**WHAT THE TASK ASKS**:
Could you restate the data below word for word, without its pictures?

**INFORMATION SHOWN**:
────────────────
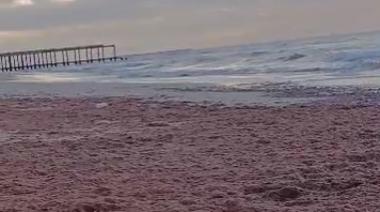 Playas rojas en Mar del Plata y Necochea: un fenómeno natural que sorprendió a los turistas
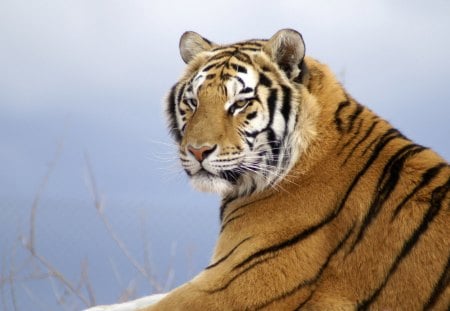 Tiger - animal, bengal, tiger, jungle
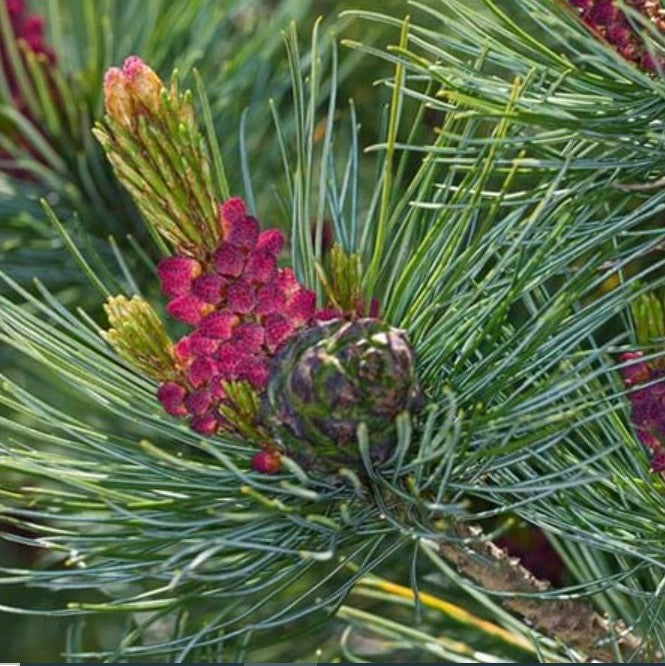 Japanese Black Pine Plant - myBageecha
────────────────
**EXPECTED ANSWER**:
 Playas rojas en Mar del Plata y Necochea: un fenómeno natural que sorprendió a los turistas
 Tiger - animal, bengal, tiger, jungle
 Japanese Black Pine Plant - myBageecha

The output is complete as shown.